Artificial Intelligence could now be advanced enough to steal passwords by listening to the sound of typing over Zoom and other recording devices, research has found. 

Academics from Durham, Surrey and Royal Holloway universities have shown that microphones can detect typing patterns, which suggests anyone using a laptop in public could have their typing recorded and decoded. 

Researchers trained an AI model by pressing the 36 keys on a MacBook Pro 25 times and recording the sound, before feeding it into the AI which was able to correctly identify the pattern of each key. 

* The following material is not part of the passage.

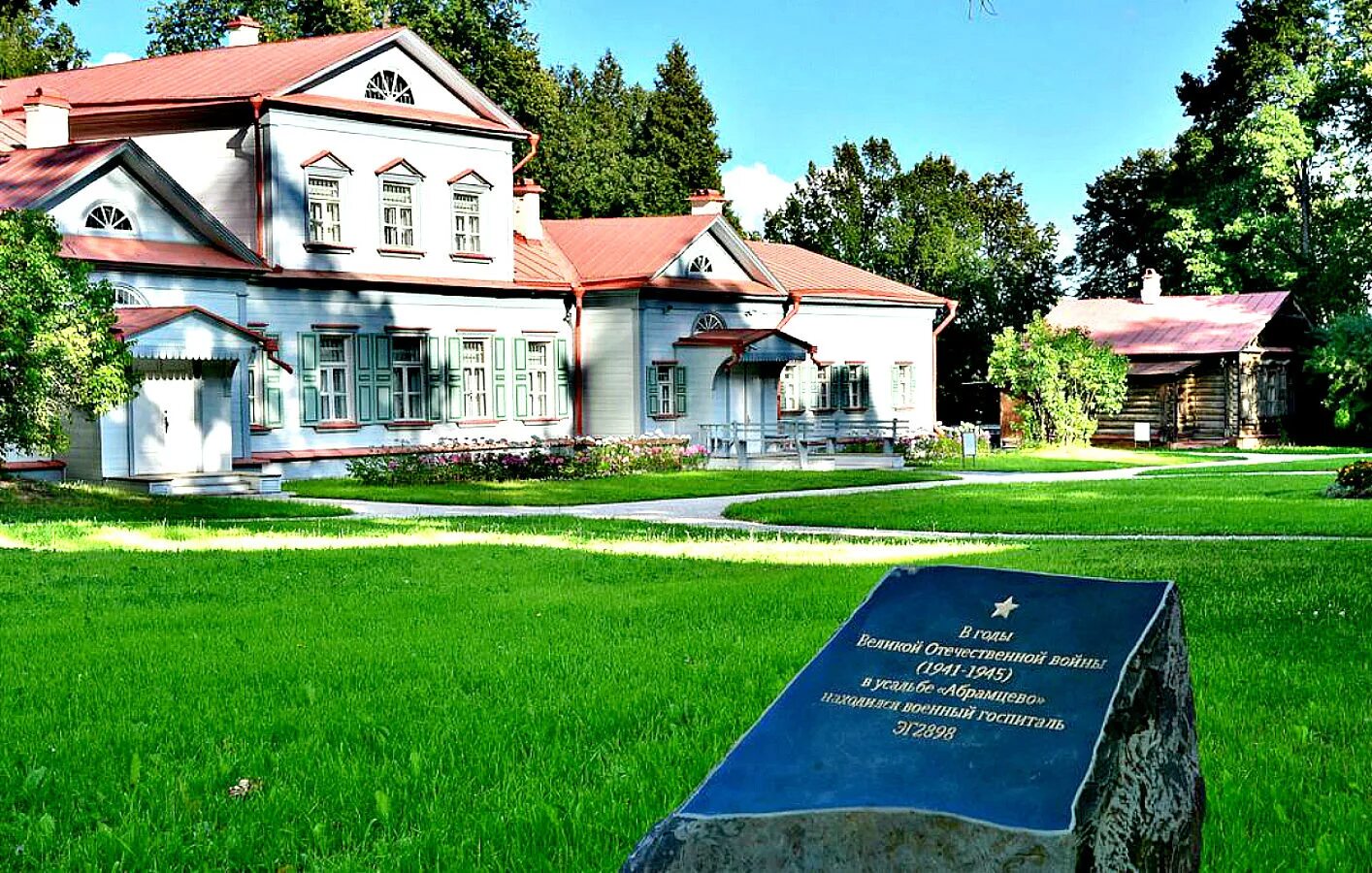 усадьба абрамцево сергиев посад. мамонтова. абрамцево музей усадьба. усадьба абрамцево сергиев посад. усадьба мамонтова в абрамцево.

To prove their theory, they placed an iPhone 17cm away from the same MacBook to record someone typing, and were able to deduce the content of the typing with 95 per cent accuracy. 

They also put Zoom to the test in the same way, which recorded the key strokes with an accuracy of 93 per cent.  

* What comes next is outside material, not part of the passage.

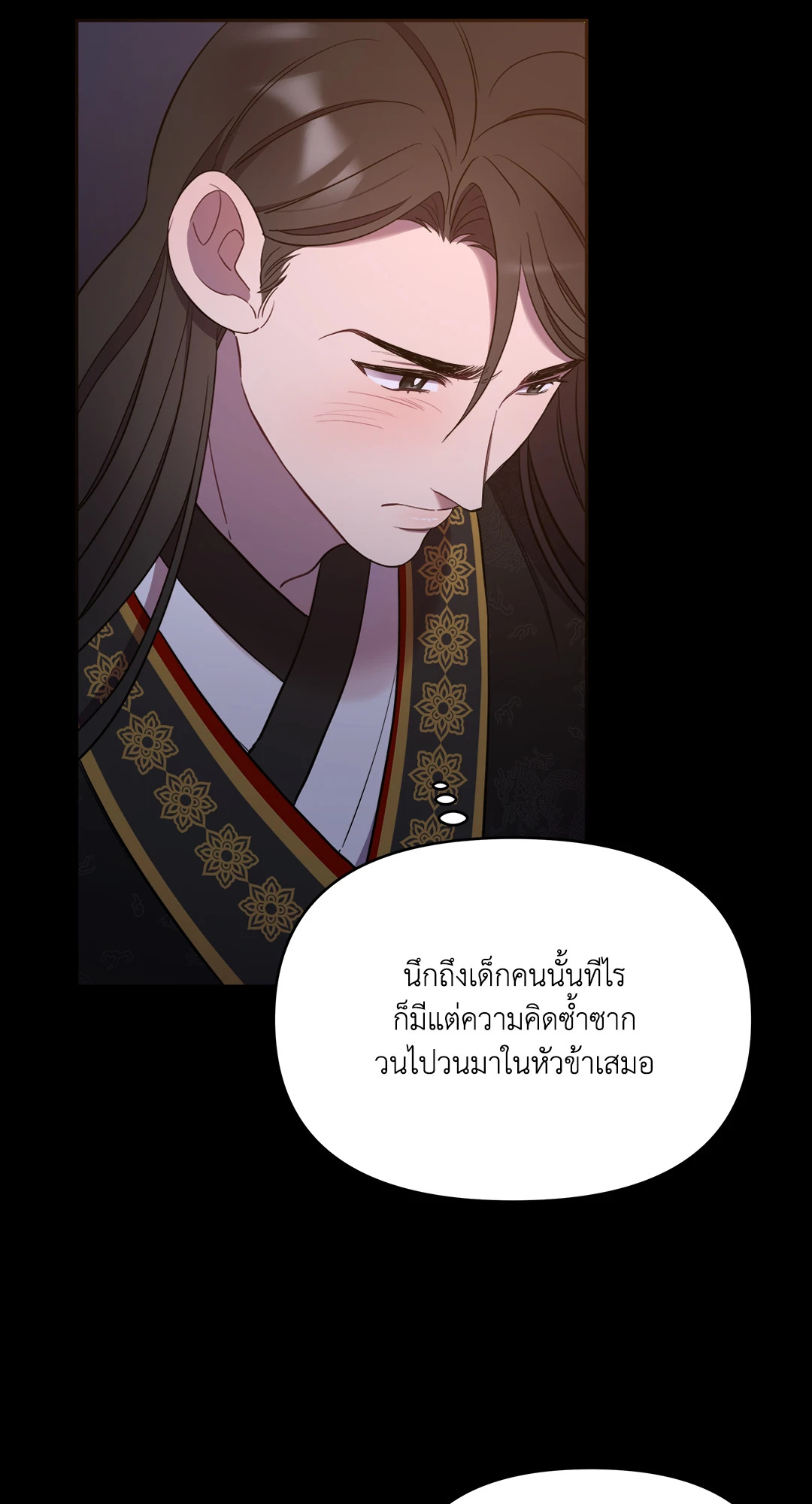 หน้า 91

(Stock Photo) Researchers trained an AI model by pressing the 36 keys on a MacBook Pro 25 times and recording the sound, before feeding it into the AI which was able to correctly identify the pattern of each key

(Stock Photo) Researchers trained an AI model by pressing the 36 keys on a MacBook Pro 25 times and recording the sound, before feeding it into the AI which was able to correctly identify the pattern of each key

(Stock Photo) Zoom was put to the test in the same way, which recorded the key strokes with an accuracy of 93 per cent

(Stock Photo) Zoom was put to the test in the same way, which recorded the key strokes with an accuracy of 93 per cent

Dr Ehsan Toreini, from the Surrey University’s Centre for Cyber Security, told The Times: ‘Each key has a unique audio, or voice, that can be fingerprinted to infer what is being pressed.’ 

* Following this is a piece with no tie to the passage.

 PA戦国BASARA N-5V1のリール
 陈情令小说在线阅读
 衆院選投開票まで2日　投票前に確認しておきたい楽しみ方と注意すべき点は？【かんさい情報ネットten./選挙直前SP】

A similar study was done on an Enigma machine some years ago, which found that if it had been possible to implant a microphone, a similar outcome could have been achieved, but only with 70 per cent accuracy. 

‘It gives you a hint of the tremendous improvement that has happened in the past five years in terms of the accuracy of the models, which somehow elevated the accuracy from 70-ish per cent to around perfect results,’ Dr Toreini added.

He suggested that Apple should consider adding random noises into keystrokes to ward off ‘side channel’ attacks, and that technology such as Zoom should compress audio. 

Side channel attacks attempt to get signals from a device and use acoustics, power consumption and electromagnetic waves.